= EXERCISE DATA =
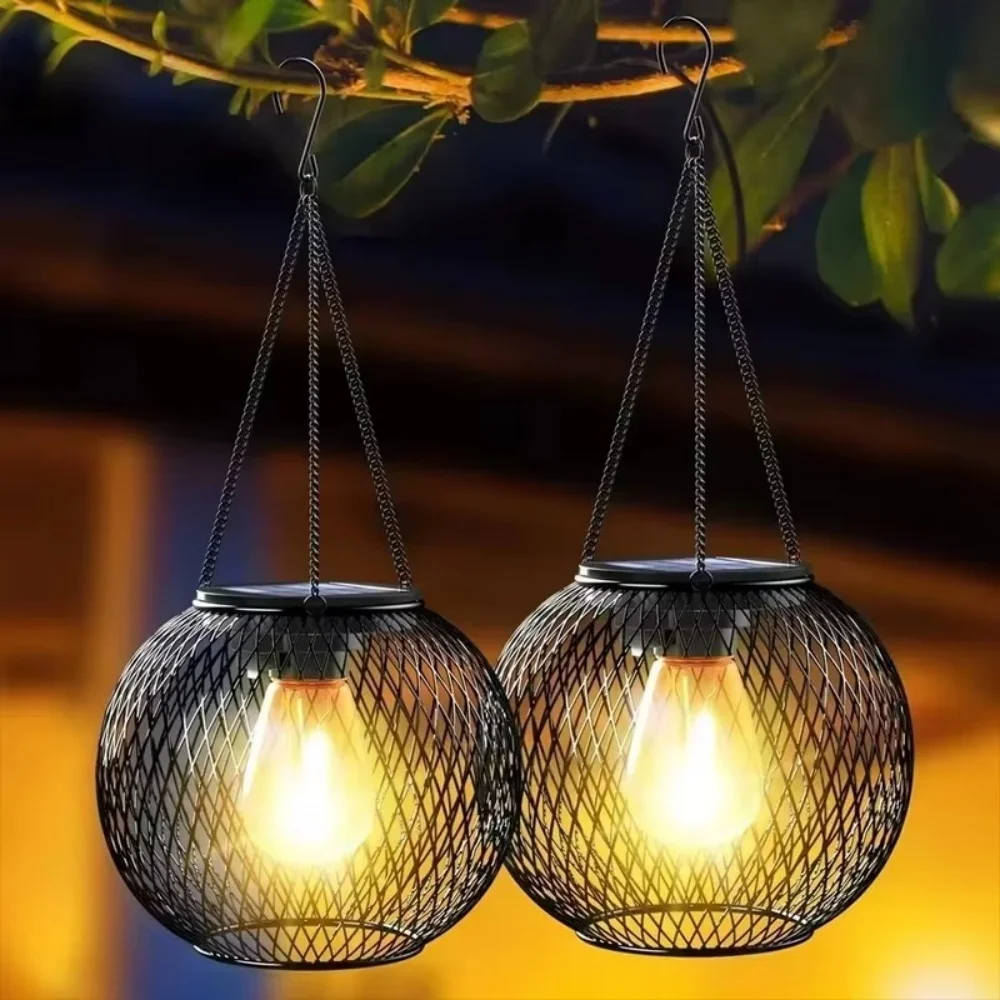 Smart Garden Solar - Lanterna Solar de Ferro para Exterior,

...

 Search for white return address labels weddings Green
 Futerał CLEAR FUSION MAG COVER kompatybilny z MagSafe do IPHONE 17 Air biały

...

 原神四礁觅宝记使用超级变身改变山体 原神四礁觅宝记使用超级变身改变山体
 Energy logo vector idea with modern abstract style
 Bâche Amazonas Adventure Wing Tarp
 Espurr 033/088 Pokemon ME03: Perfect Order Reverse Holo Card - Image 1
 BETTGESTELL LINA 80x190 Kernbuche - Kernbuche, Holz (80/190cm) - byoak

= INSTRUCTIONS TO FOLLOW =
Beginning at the line above that contains "原神四礁觅宝记使用超级变身改变山体 原神四礁觅宝记使用超级变身改变山体", return each line exactly through the line that contains "BETTGESTELL LINA 80x190", and no others.

= TASK OUTPUT =
 原神四礁觅宝记使用超级变身改变山体 原神四礁觅宝记使用超级变身改变山体
 Energy logo vector idea with modern abstract style
 Bâche Amazonas Adventure Wing Tarp
 Espurr 033/088 Pokemon ME03: Perfect Order Reverse Holo Card - Image 1
 BETTGESTELL LINA 80x190 Kernbuche - Kernbuche, Holz (80/190cm) - byoak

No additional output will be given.